Hey, it's all very cute, but mugumogu never delivers. We never see Maru put together a winning portfolio of stocks, paint a masterpiece in the style of Botticelli, play the trombone, knit a doily, blow a glass vase or anything else that would prove that Maru really is a special cat, a one in a zillion cat. And then there's more toying with cat toys, more cat silliness, on and on... Ah, but 4 minutes and 21 seconds into this small mammal expose Maru steps it up a bit by taking flying belly slides into open ended cardboard boxes which he surfs across the polished hardwood floor. Granted, it would be more compelling if he pulled a rabbit out of hat or sang a few bars of the aria from Rigoletto, but after 4 minutes plus of playing with yarn and the like, I'll take it! 


I think that watching this video is an opportunity to do some sleuthing about Japanese culture and interests. Kind of like dropping in on another planet to take the measure of their civilization. What is it that they find so compelling here?  Yes, Maru is a most attractive little cat, clean too, I'm sure, but all we see in this video is this little guy doing typical cat things. This would never fly here in America. True, we have our own cat videos, dog videos too, but they only pull the sorts of numbers you'd expect from another pet owner's video about his own pet...


But I'm laughing at myself now because to back up the claim above, I went to the YouTube search engine and typed in "cat videos", and boy did I get a shock. I came across some others that I took to be American and that also have extraordinary numbers and I thought "Snagged!  Caught in the act of being a pompous know it all, again" but then I looked closer, and these high number cat videos are also Japanese. Don't believe me? Take a look at "Funny Cats - A Funny Cat Videos Compilation 2015" which shows today that it has scored 3,094,259 views and was posted by mihaifrancu. Or check out “Funny Cats Compilation [Most See] Funny Cat Videos Ever Part 1” which I think gives us a real clue to what the appeal of cat videos is to the Japanese, as the name of the producer and poster of this one is Forget Your Sadness.  And there must be a lot of sad Japanese who want to forget that emotion because this one has pulled a whopping  82,907,574 views as of today!


There are many, many other funny, happy cat videos to be found and enjoyed on YouTube! However, I remain unmoved. I am not now, nor will I ever be a hardcore fan of videos in the Funny Cats genre. I just don't get it. I'm far too set in my ways.
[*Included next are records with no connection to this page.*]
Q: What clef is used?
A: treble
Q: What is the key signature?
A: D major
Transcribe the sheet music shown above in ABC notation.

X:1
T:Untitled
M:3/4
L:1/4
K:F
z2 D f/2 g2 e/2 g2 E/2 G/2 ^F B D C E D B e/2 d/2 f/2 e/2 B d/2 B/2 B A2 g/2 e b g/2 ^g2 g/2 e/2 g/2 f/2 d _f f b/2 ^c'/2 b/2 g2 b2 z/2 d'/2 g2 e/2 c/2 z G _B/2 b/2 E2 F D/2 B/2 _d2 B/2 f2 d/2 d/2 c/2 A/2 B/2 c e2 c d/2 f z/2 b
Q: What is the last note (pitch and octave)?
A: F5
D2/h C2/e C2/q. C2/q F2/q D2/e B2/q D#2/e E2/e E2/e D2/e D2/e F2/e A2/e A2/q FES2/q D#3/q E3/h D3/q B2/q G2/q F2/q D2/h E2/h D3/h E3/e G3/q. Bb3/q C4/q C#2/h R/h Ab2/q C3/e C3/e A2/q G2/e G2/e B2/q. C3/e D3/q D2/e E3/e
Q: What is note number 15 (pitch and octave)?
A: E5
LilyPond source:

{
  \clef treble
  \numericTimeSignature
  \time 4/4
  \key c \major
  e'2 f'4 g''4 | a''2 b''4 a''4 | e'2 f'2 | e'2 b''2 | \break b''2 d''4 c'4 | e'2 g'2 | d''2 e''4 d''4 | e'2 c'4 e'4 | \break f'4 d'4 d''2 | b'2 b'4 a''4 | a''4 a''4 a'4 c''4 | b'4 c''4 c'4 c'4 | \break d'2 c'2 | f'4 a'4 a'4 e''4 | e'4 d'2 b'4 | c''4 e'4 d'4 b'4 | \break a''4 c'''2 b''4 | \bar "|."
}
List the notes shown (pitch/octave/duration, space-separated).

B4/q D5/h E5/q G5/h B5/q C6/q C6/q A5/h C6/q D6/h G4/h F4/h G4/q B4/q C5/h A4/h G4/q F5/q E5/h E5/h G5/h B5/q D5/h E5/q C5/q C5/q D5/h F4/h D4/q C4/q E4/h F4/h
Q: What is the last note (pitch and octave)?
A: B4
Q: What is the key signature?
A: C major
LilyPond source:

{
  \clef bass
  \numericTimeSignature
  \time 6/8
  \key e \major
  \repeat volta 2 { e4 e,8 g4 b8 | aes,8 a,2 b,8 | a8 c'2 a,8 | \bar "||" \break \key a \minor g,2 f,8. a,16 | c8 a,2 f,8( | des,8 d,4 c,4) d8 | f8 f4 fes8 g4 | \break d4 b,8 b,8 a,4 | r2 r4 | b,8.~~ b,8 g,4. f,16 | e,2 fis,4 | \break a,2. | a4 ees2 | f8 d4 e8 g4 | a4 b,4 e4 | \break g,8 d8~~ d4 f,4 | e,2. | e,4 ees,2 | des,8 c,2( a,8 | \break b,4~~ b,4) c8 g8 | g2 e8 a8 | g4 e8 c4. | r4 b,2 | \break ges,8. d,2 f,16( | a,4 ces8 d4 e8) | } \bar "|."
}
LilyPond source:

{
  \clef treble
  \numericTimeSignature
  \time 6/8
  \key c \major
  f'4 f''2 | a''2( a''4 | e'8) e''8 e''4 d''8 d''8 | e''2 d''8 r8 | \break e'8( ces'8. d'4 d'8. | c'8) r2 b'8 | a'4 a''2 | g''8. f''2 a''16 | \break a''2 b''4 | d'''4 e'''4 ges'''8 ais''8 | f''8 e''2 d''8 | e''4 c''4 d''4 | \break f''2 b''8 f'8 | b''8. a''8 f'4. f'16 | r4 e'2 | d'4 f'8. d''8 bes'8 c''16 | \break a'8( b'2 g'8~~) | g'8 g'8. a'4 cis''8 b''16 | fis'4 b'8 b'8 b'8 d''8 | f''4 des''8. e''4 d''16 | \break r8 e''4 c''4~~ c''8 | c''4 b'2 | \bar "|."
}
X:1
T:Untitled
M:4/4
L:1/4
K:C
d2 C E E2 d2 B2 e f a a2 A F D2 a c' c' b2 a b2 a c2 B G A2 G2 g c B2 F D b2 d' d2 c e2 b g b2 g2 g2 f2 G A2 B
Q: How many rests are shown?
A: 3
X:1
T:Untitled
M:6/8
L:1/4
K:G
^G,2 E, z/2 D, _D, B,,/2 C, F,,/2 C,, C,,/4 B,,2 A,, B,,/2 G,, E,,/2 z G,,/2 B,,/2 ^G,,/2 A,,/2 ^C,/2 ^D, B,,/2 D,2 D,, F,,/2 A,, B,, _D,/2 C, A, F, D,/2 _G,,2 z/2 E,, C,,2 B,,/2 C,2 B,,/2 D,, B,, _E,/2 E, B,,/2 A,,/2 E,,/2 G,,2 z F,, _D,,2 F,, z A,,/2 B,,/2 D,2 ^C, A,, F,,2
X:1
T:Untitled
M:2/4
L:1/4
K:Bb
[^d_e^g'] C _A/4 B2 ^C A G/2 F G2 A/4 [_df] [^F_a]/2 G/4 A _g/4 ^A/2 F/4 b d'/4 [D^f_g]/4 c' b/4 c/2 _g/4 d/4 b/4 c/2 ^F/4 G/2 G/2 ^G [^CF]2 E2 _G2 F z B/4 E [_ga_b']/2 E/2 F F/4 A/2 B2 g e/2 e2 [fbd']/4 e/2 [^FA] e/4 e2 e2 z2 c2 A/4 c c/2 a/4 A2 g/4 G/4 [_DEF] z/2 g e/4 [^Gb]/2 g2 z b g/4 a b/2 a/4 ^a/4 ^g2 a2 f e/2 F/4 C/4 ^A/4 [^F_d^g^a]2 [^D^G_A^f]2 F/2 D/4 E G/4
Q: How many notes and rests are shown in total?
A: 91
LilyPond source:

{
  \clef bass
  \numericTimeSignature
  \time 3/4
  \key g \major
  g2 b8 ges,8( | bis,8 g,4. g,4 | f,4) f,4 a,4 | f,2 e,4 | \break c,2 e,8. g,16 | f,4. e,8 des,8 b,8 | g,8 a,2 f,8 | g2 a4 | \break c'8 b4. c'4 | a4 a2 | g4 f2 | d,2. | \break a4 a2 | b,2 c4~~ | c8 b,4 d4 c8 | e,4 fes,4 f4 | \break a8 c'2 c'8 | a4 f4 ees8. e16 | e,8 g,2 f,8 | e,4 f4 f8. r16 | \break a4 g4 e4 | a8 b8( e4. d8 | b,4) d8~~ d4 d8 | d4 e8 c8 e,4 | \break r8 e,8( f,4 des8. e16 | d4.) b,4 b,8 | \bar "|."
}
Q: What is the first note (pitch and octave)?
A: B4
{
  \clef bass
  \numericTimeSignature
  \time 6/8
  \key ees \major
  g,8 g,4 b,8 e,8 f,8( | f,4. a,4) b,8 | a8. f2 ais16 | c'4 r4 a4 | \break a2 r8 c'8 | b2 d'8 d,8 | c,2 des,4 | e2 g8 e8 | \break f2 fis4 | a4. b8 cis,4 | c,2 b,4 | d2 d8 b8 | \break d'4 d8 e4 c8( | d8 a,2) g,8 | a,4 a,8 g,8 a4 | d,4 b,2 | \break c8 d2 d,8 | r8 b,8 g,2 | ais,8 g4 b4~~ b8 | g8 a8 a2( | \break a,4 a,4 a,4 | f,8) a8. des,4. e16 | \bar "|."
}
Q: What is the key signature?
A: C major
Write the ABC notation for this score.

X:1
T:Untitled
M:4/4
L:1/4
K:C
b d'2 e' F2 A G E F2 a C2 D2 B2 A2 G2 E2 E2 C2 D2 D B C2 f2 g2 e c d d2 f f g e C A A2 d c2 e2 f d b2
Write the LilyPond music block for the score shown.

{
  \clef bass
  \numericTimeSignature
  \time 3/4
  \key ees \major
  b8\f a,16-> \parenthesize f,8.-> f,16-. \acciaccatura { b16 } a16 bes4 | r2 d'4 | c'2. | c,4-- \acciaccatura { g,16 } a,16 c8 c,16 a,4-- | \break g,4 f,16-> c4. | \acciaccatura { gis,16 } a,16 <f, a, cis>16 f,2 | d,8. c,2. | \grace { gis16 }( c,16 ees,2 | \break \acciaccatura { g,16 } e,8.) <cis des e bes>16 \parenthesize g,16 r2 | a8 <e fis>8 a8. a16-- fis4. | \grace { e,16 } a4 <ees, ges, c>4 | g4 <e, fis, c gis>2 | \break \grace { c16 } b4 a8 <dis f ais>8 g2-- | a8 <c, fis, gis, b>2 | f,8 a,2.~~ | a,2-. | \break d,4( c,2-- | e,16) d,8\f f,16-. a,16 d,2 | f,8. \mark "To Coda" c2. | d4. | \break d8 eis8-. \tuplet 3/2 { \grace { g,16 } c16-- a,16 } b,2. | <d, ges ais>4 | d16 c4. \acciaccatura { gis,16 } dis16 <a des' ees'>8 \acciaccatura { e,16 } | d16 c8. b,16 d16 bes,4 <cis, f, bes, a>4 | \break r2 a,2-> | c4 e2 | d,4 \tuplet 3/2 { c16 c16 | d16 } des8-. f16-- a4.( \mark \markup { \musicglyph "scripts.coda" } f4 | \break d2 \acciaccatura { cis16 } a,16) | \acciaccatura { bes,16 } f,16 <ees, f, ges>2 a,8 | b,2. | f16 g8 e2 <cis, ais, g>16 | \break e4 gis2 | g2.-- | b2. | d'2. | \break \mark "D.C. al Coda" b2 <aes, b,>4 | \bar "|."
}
And just when I thought my cat fancier friends in Japan couldn't puzzle me any further, I came across a video titled "Tokyo's unusual 'cat petting cafes", actually a YouTube posted video of what originally (I guess) was a bit of broadcast news about life in Japan. It seems that the Japanese have a major dose of that basic human need: admiring, appreciating, and petting a little pussy cat. But this is a need that they have a hard time satisfying because they simply are too busy working themselves to death to own cats and they've been busy making their apartment buildings practical to the point of resident madness, by banning cats inside, anyway But the Japanese are clever and practical in other ways. There are now cafes in Tokyo and other cities, like Osaka, where for $4 for a drink and $12 for an hour of cat rental, you can sit and relax and enjoy the company of a feline. Actually, this sounds great to me. Certainly, far better than watching cat porn on YouTube at home. Who wants to snuggle up to an iPad with a cat video running on it? Instead you can hire the services of a feline prostitute who will swat its little claws at the string you dangle in front of its face as intimately as your own cat and who knows, may even indulge all of those secret cat fantasies you have deep down and do things your own cat would never even consider. 

But wait, the forces of darkness never rest. Tokyo's city leaders apparently have just passed a law that there will be no public access to cats for non cat owners outside of the hours of 8am to 8pm. So what next, after hours private human-cat love clubs?